When Chrash came home she began investigating how to get a flight for Phillips. By late January the trip was a go. The Honor Flight is free to the veteran, but the cost for the caregiver is $400. Chrash’s students at Waynesburg University were ready to raise the funds when the Christen Foundation, Amedisys’ charitable private foundation, paid it.
It was agreed that Phillips’ wife, Debbie, could handle her husband’s care for the short trip. She was prepped and on April 5, Phillips’ 68th birthday, they were on their way.
“When he got out of the plane in Baltimore he was the only service guy on there. He had to walk through a tunnel into the airport. All of a sudden there were at least 200 people clapping and holding signs,” Debbie said. Phillips added, “I didn’t expect any of that, at all. I’d never seen anything like it.”

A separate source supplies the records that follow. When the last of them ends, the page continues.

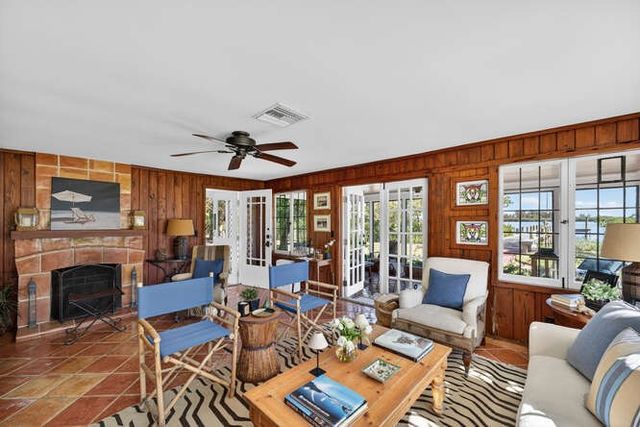 1935 Quay Dock Road, Vero Beach, FL 32967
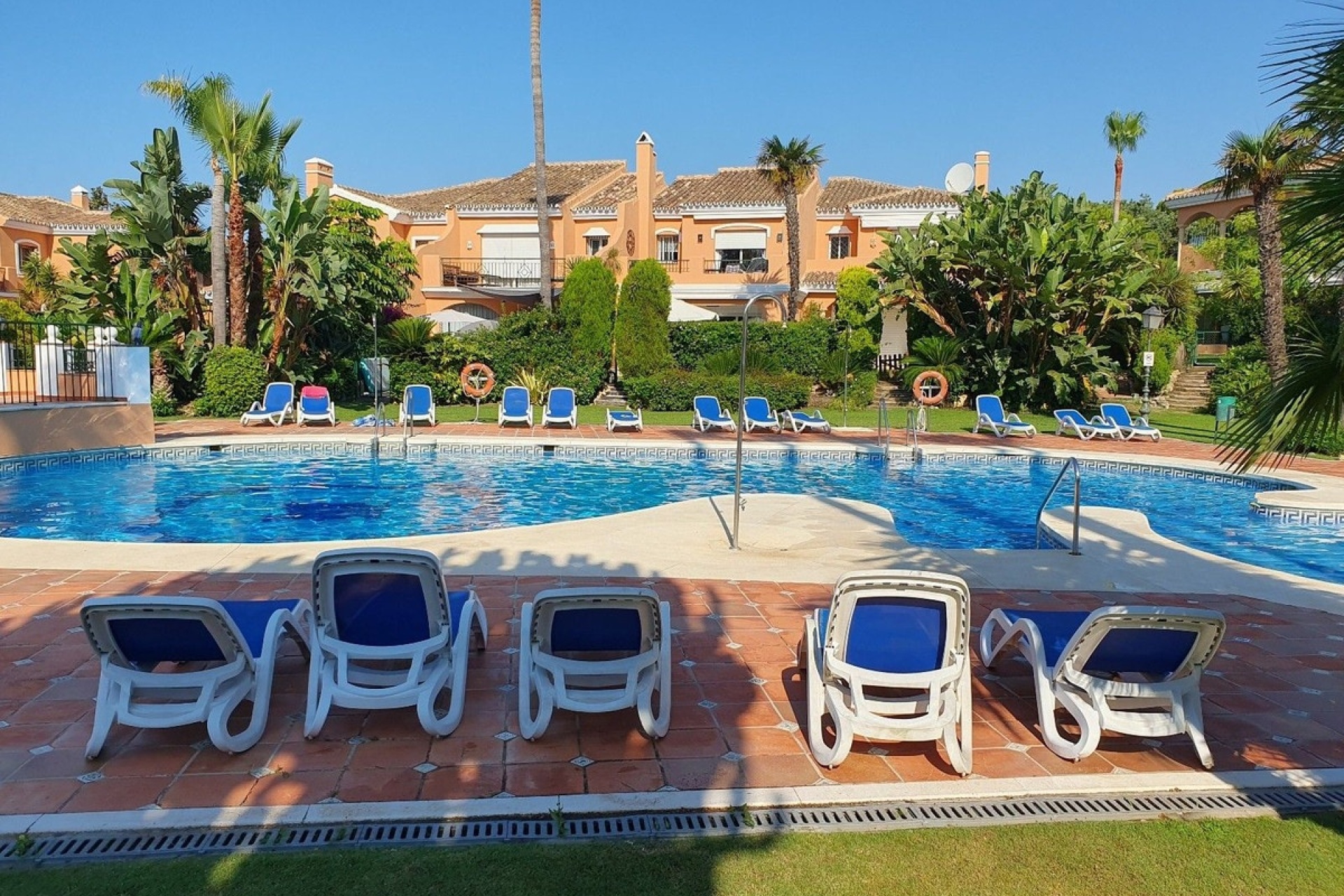 Resale - Town house - Estepona - El Presidente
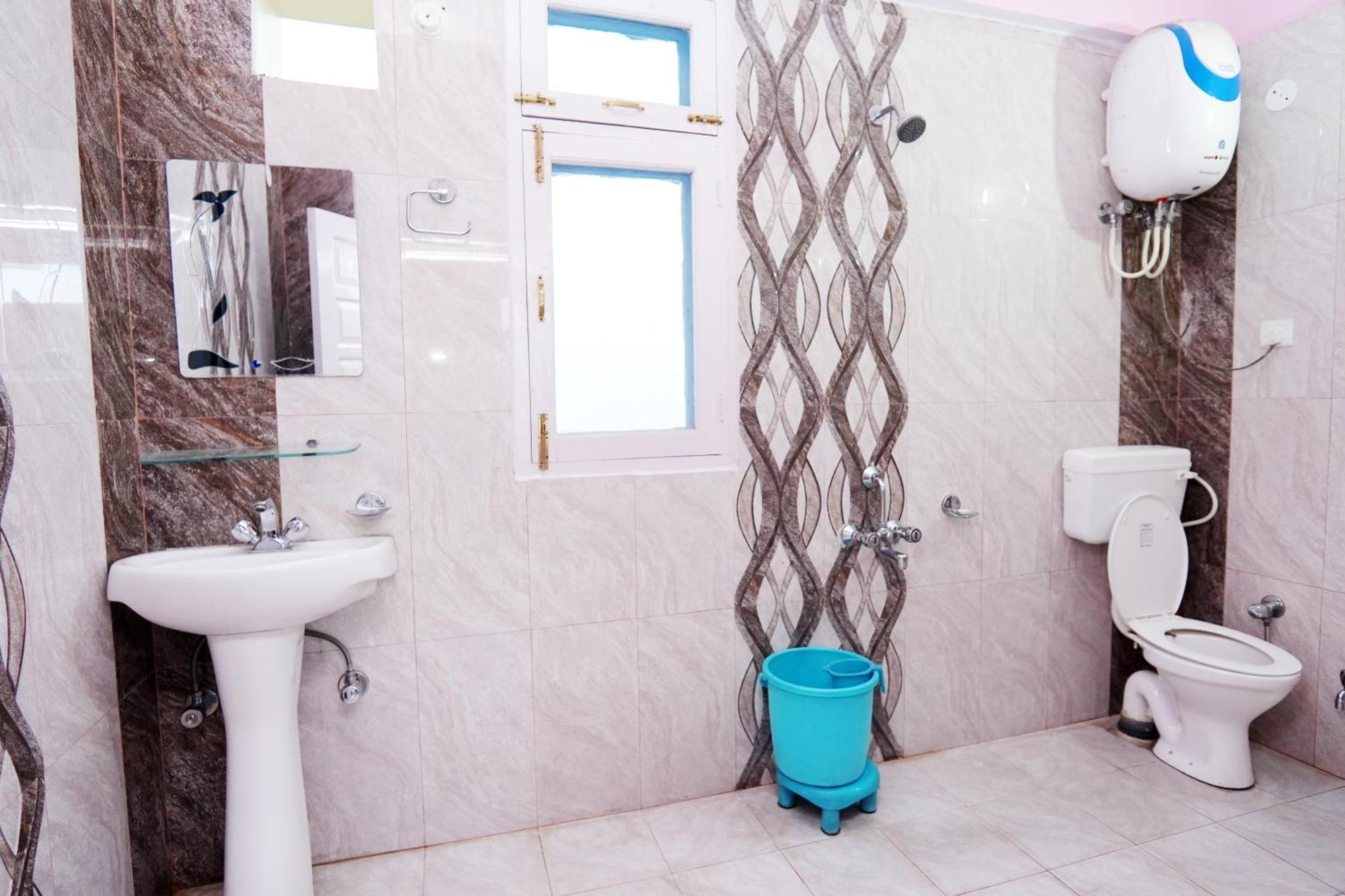 Apartment Hills 2bhk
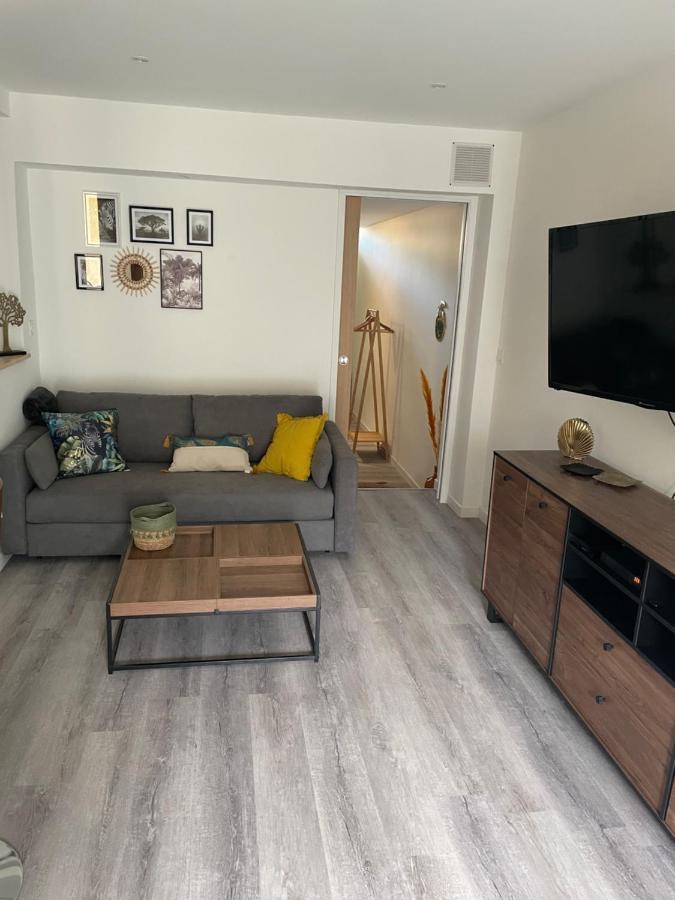 Fleurance Appartement En Rez De Jardin Tout Equipe מראה חיצוני תמונה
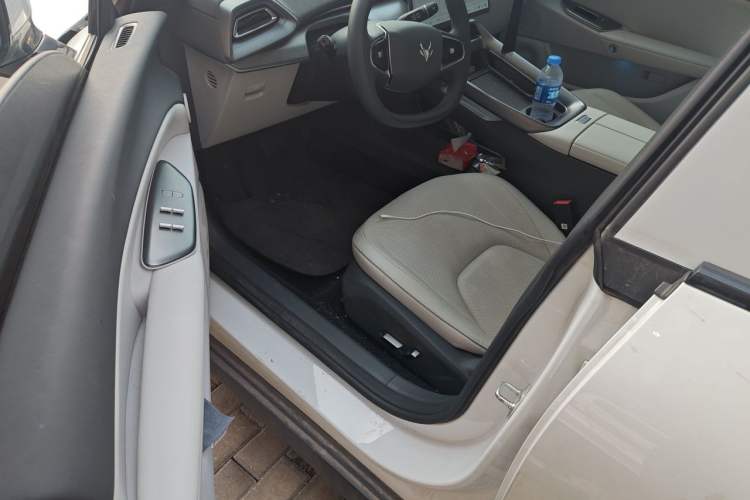 Used ARCFOX Alpha S5 2025 Facelifted 560PRO 185kW Driver Seat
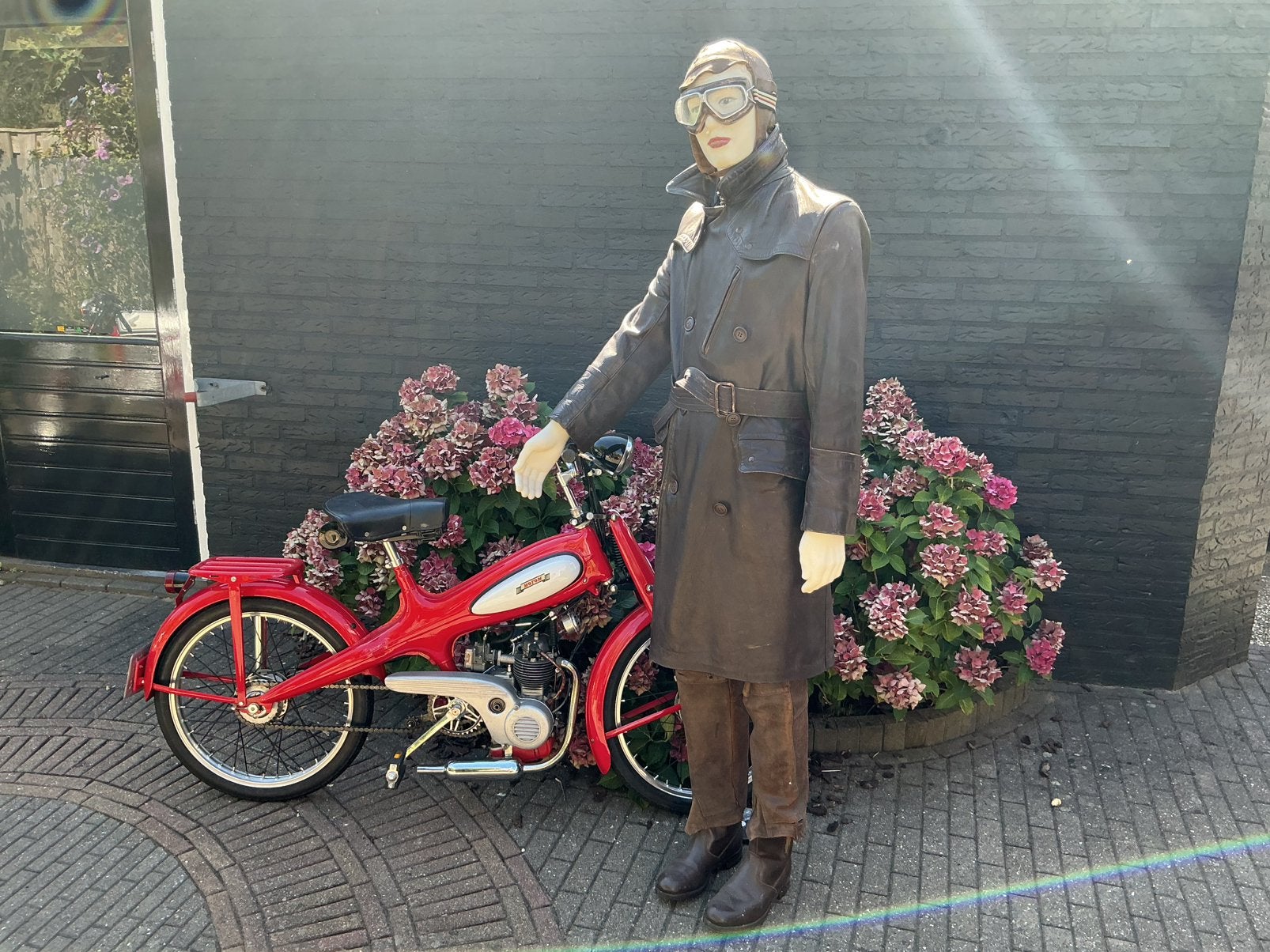 VOOR BROMFIETS OF MOTOR VERZAMELING MUSEUM MAN IN LEREN JAS, Ophalen of Verzenden, Gebruikt, Overige typen, Overige merken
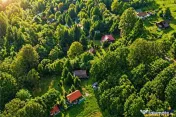 Casa Cabana 2.000 mp teren in miracolul naturii autentice,B 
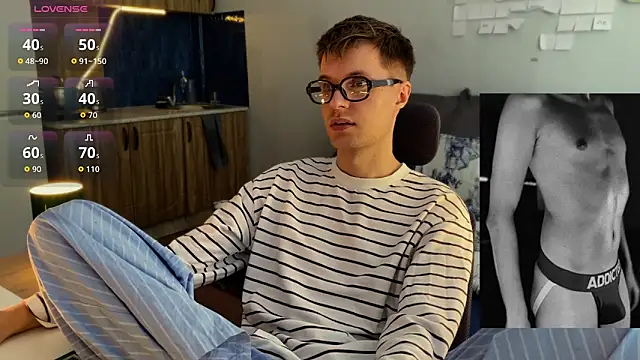 Leonnextdoor online show from 26, 2, 2026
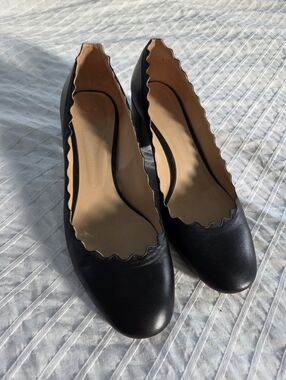 Chloe Scalloped Leather Pumps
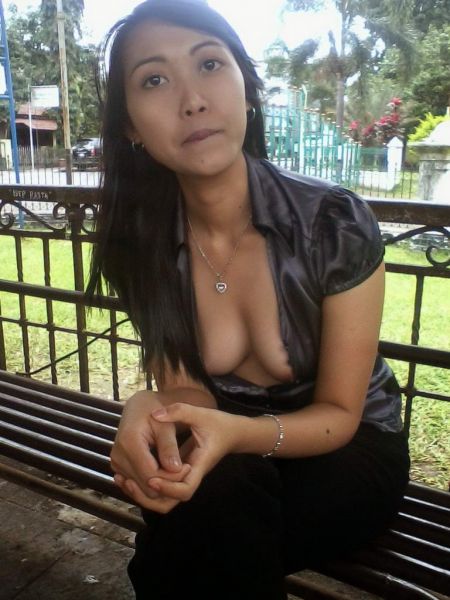 wanita cantik bugil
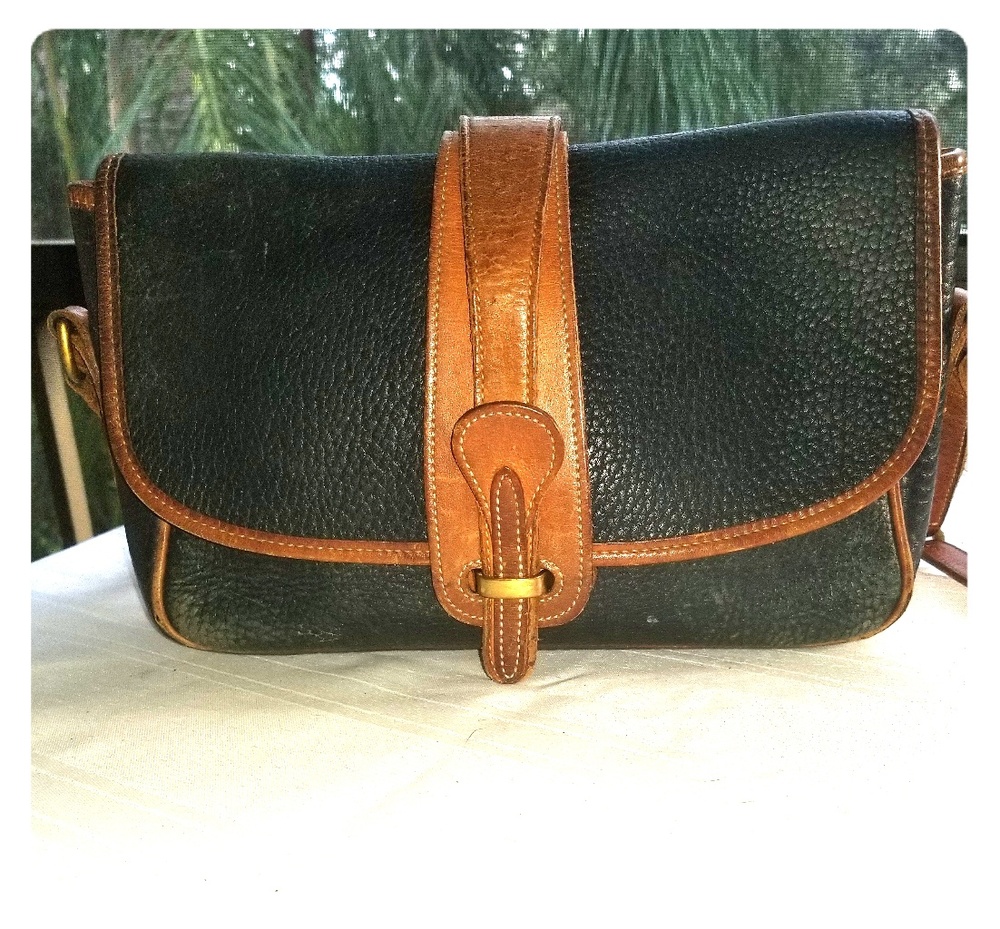 *PRE LOVED* Vintage Dooney and Burke Crossbody Bag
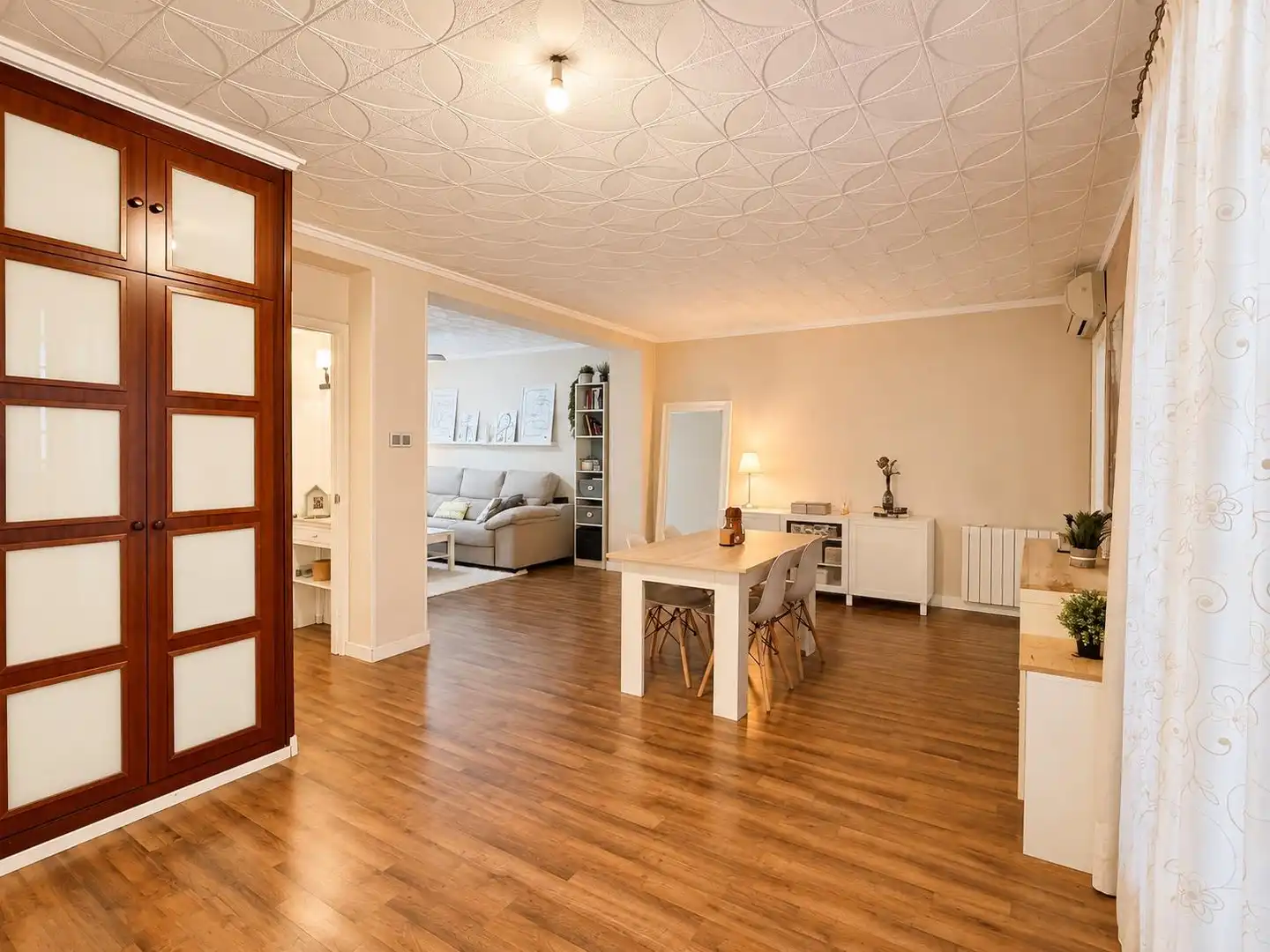 Dining room of Flat for rent in Valencia  with Heating, Parquet flooring and Furnished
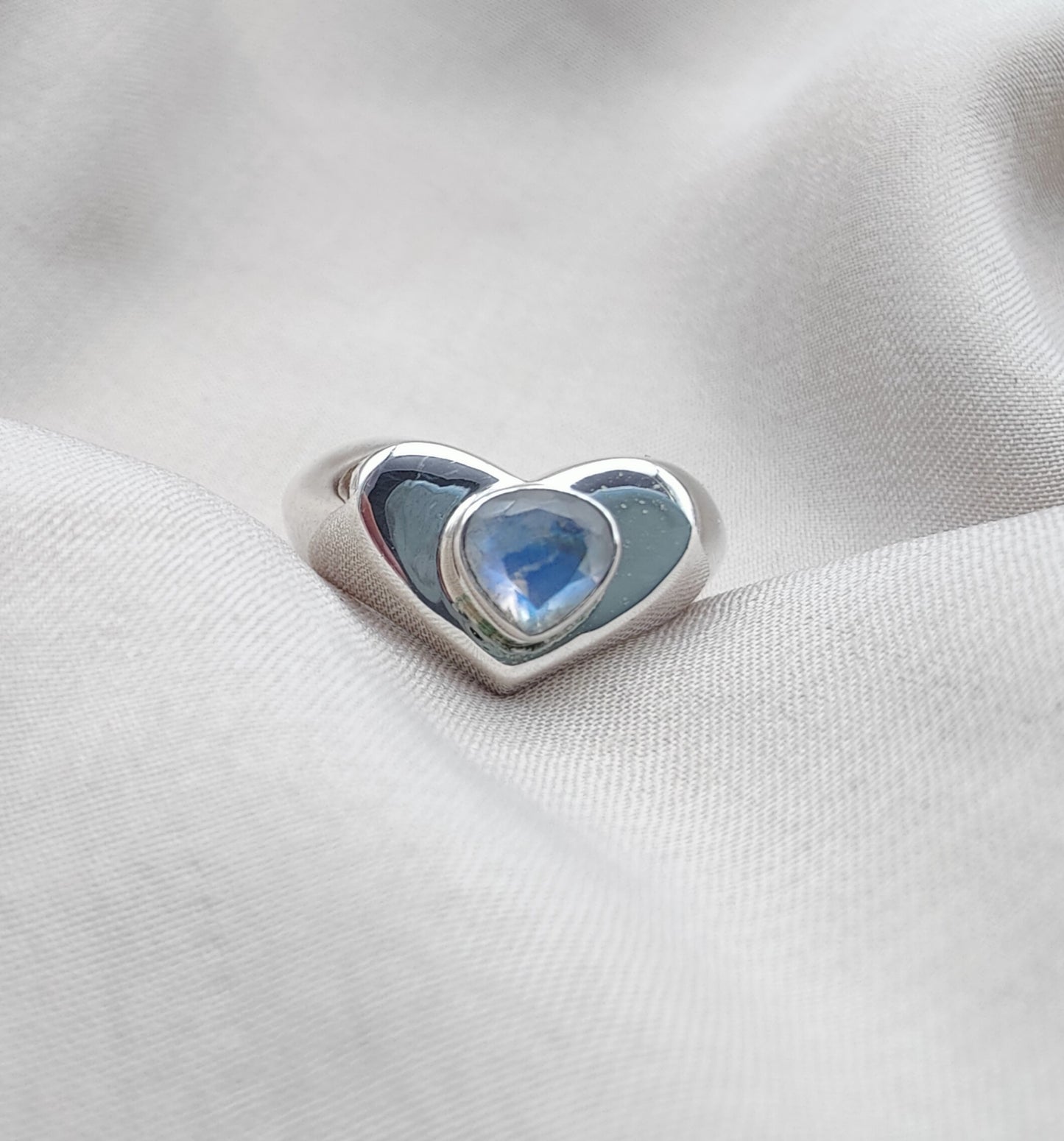 925 SOLID STERLING SILVER NATURAL RAINBOW MOONSTONE GEMSTONE HANDMADE RING HEART DESIGN , ALL SIZES AVAILABLE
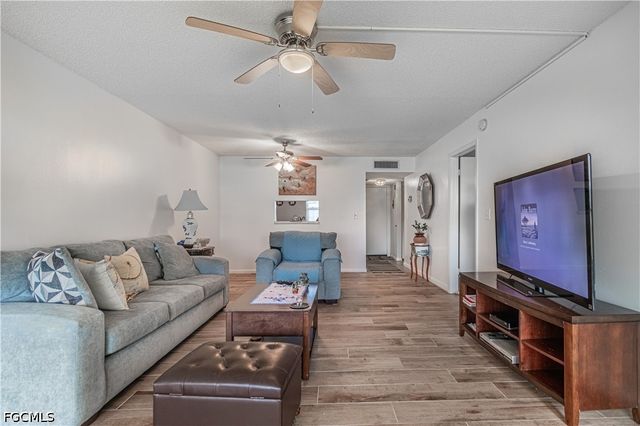1580 Pine Valley DR 103, Fort Myers, FL 33907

At the hotel, they joined a small group of fellow flight recipients. After being showered with gifts, the Patriot Guard Riders led the veterans to the WWII Memorial. Over the weekend they would visit Arlington National Cemetery for the changing of the guard, the Lincoln Memorial, Iwo Jima statue, and the Air Force and Navy Memorials. But, it would be a simple but elegant granite wall that impacted Phillips the most.
“We went at night. The light was reflecting onto The Wall (the nickname of the Vietnam War memorial). It was dark all around it,” Debbie said. Phillips’ mission was obvious – find the names Kennedy and Lehman. A ranger for the National Park Service helped locate them and make an imprint for him.
“Kennedy was an only child. You didn’t have to go if you were an only child. He had to get his parents’ permission to go,” Phillips said. “He was the first one killed. It didn’t make sense.” Phillips is one of eight children.
“That day we weren’t given air support or the air support frequency. They said the road was secure, but it wasn’t. Never believe intelligence reports,” he said, noting that the road they traveled on became known as Ambush Alley for the frequency of attacks there.
Phillips’ military career ended in 1997 at the rank of master sergeant when he suffered a heart attack on active duty. He had put in his time.
On April 7, Debbie pushed her husband’s wheelchair from an elevator at Pittsburgh Airport into the welcome home celebration 45 years after he was unwelcomed back. Veterans groups, National Guardsmen, friends, family, his hospice team and a bagpiper were waiting for his return.
“There were two things that really got me and shook me up the most, The Wall and the people at the airport when I came back,” Phillips said a day later. A frame with 27 ribbons hung on a nearby wall. The 27 medals that go with them are on his dress blues. He has told his wife he wants to wear the uniform one last time, when his time comes.
“He wants to wear it with cowboy boots. I don’t know about that,” said Debbie, misty-eyed, but smiling.